In this practical, we are going to perform sentiment analysis of movie reviews using a transformer model, have a look under its hood, and try to explain the model predictions using SHAP.

Our model of choice is [DistilBERT](https://medium.com/huggingface/distilbert-8cf3380435b5), a light-weight transformer whose performance is comparable to Google's [BERT base model](https://arxiv.org/abs/1810.04805).



## Overview

In Part 1, we will use an off-the-shelf sentiment analysis pipeline from the Hugging Face [`transformers`](https://huggingface.co/docs/transformers/index) module to classify two movie reviews.

In Part 2, we will dissasemble the sentiment analysis pipeline by performing the same analysis as in Part 1 step-by-step.

In Part 3, we will open the black box and explore which tokens were most important for DistilBERT's sentiment classification. We do this using [Shapley Additive Explanations \(SHAP\)](https://arxiv.org/abs/1705.07874).

In Part 4, we will fine-tune DistilBERT on the IMDB movie review dataset.

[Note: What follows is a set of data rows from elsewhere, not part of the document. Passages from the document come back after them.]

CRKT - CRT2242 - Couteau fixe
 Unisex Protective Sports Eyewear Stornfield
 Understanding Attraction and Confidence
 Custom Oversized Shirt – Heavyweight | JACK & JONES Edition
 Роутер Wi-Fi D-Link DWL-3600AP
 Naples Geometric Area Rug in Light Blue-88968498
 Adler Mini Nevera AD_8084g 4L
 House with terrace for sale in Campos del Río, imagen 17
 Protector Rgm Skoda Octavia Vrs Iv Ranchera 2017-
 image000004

## Prepare the Colab Environment

**Fine-tuning a transformer model is quite resource-intensive! Switch your runtime type to GPU T4 under Runtime > Change runtime type.**

**Running this practical requires a more recent version of the `accelerate` package than installed by default in Google Colab. Run the code below to upgrade `accelerate`.**

In [2]:
!pip install -q -U accelerate # update accelerate

**Now restart your runtime under Runtime > Restart runtime or by pressing `ctrl + M`**

**All set?**

## Part 1: Off-the-shelf sentiment analysis pipeline

Since sentiment analysis is a popular application, there are off-the-shelf pipelines which we can use to quickly classify documents by sentiment. One such pipeline is part of the Hugging Face `transformers` module.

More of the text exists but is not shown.